Когда революция кончилась, «избыточная энергия души ищет приложения в любовных переживаниях»391. Взрыв «новой чувственности» фиксировал и другой исследователь, объясняющий его разрушением культурных и семейных традиций:
Гигантские волны социальной бури улеглись, а работа по организации производственных сил общества ушла вглубь, стала незаметной для близорукого сознания. Вместе с этим началась психологическая реакция, усиленная регенерацией буржуазного быта. И как это всегда закономерно и неизбежно случается, непосредственные социальные интересы уступили место интересам узколичного характера: эротика и острое развлечение (сознательно или несознательно) эпидемической волной захлестнули современную общественность — прежде всего молодежь. Психологическая почва для этого была создана катастрофическим распадом буржуазной семьи, не выдержавшей ударов революции; в результате — массовый повальный невроз, эротомания, истерика, наркотики и т. д.392
Подобные настроения получали отражение в зрелищных формах, в особенности, в малых театральных формах (эстраде, цирке). Когда А. Коллонтай фиксировала, как в новых условиях начал «распускаться» Эрос, в этом она усматривала и определенную опасность, объясняемую уходом из социальной жизни в эротику, обособлением людей, их погружением в интимную сферу:
Современная любовь всегда грешит тем, что, поглощая мысли и чувства «любящих сердец», она вместе с тем изолирует, выделяет любящую пару из коллектива. Такое выделение «любящей пары», моральная изоляция от коллектива, в котором интересы, задачи, стремление всех членов переплетены в густую сеть, станет не только излишней, но психологически неосуществимой393.
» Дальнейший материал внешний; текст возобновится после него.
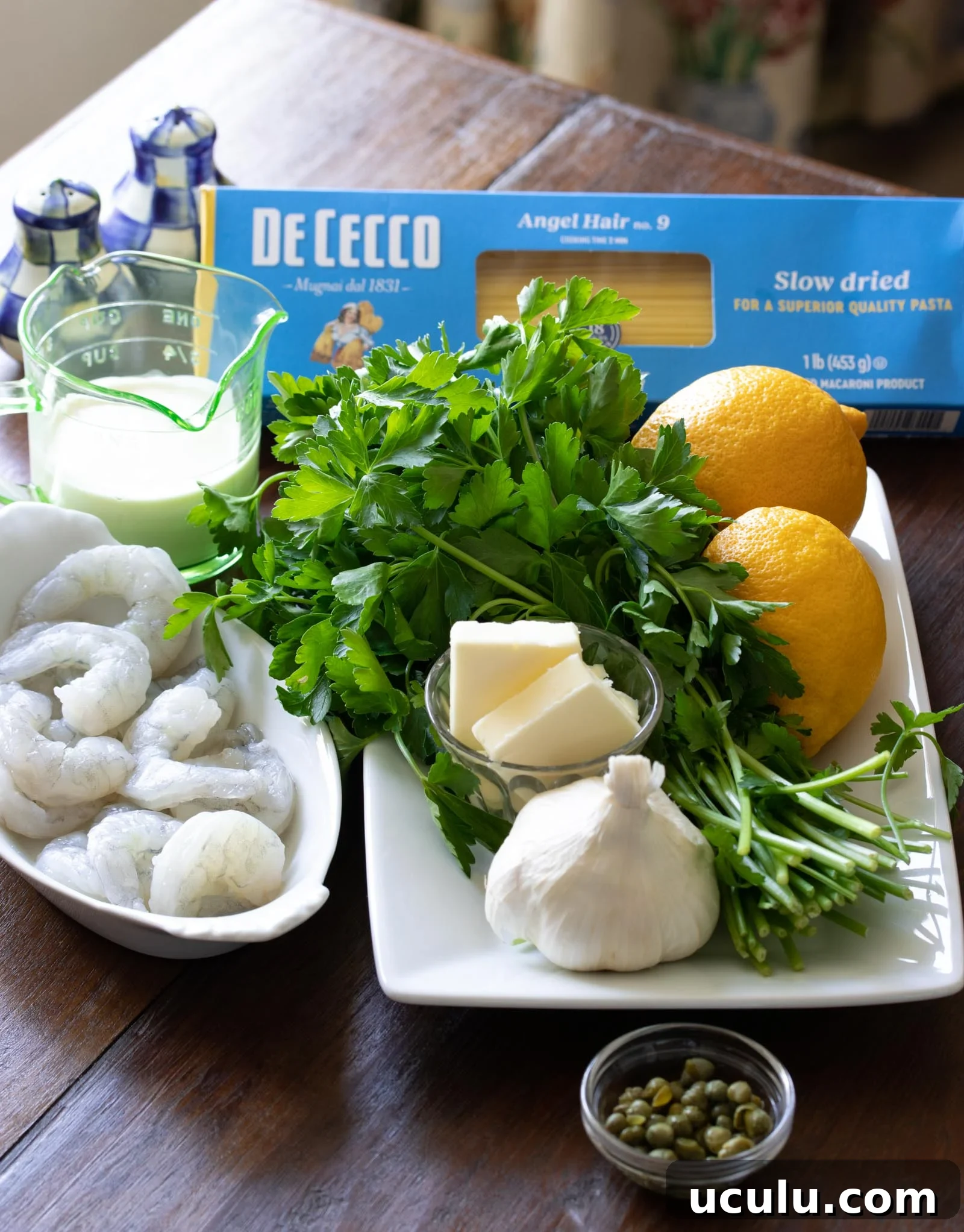 ingredients to make the creamy lemon scampi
А. Коллонтай указала на страх всякого государства перед способностью личности уйти в интимную жизнь и избегнуть его контроля. «Чуть-чуть семейство или любовь. Вот уже и желание собственности, — говорит у Достоевского Петр Верховенский, — мы уморим желание…»394 Вот почему в «антиутопиях» XX в. (Е. Замятин, О. Хаксли и Д. Оруэлл) государство проявление Эроса регламентирует. Имея в виду это посягательство государства на интимную жизнь, Н. Бердяев писал:
Безнравственно рассматривать личность исключительно как средство для рода и эксплуатировать личные влечения и чувства ради родовых целей. Тоталитарные государства дошли до предельного бесстыдства, они хотят организовать половую жизнь людей для интересов родовых и государственных, как организуют скотоводство395.
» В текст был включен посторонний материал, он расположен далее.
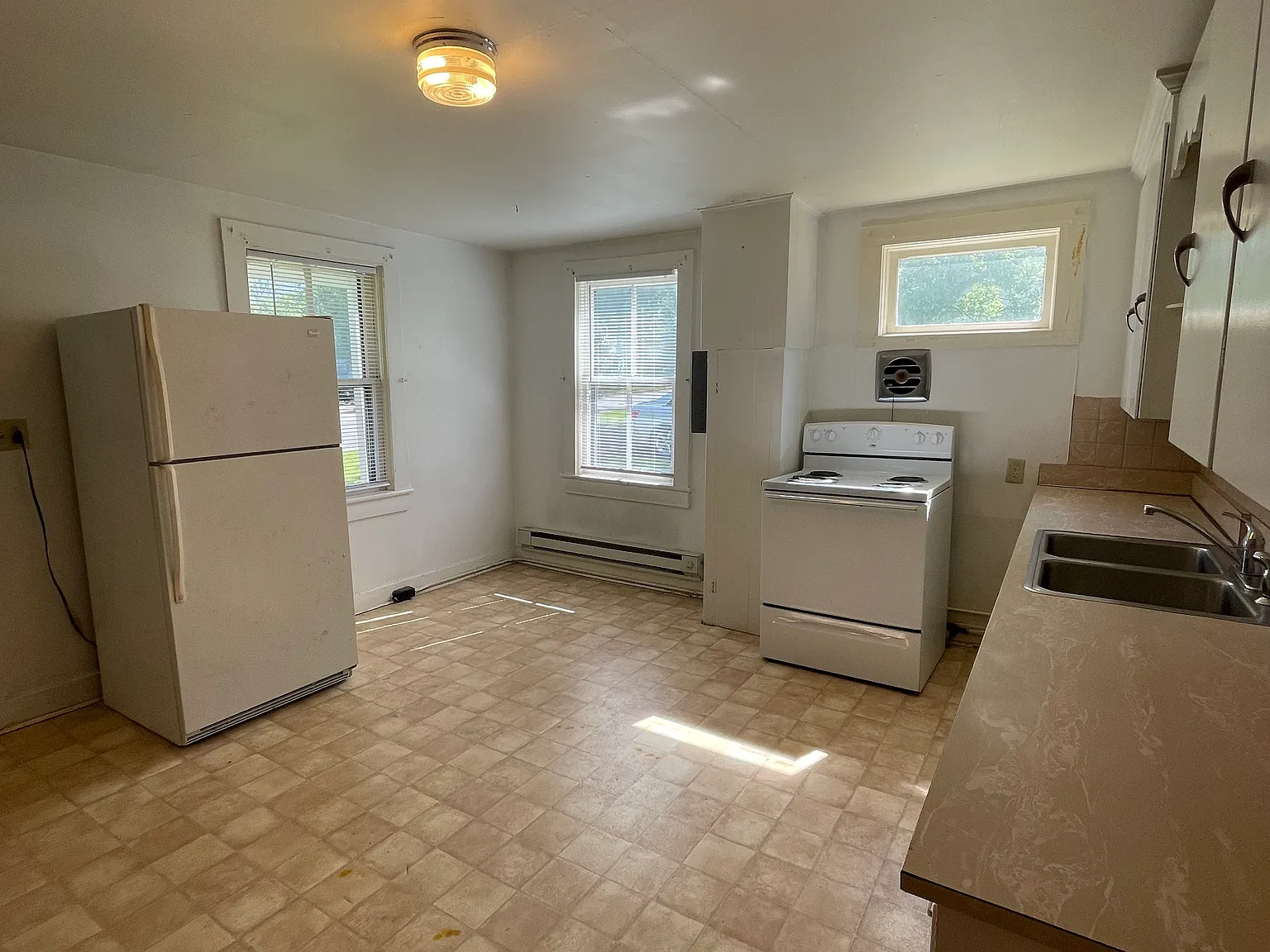 2 bed, 850 sqft, $1,025 — Photo 2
Тоталитарное государство сковало проявление «новой чувственности» системой запретов и предписаний, преобразовывая ее в политический и религиозный фанатизм, агрессивность и поклонение вождю, что стало окрашивать в психологические тона новые проявления зрелищных форм. Этот вопрос обсуждали не только бюрократы, но и художники. Так, известна переписка С. Эйзенштейна с немецким психологом В. Райхом. С. Эйзенштейн соглашался с В. Райхом в том, что сфера сексуальности — одно из проявлений экстаза396. Что касается В. Райха, то он утверждал, что в «Броненосце Потемкине» и «Земле» нашло идеальное выражение действие оргиастического элемента. Налагая запреты на проявления чувственности, государство претворяло ее в политическую агрессивность. С другой стороны, до конца подавить ее оно не могло. Последняя проявлялась в неофициальных формах культуры, на которые бюрократия смотрела сквозь пальцы и которые профессиональная критика старалась не замечать.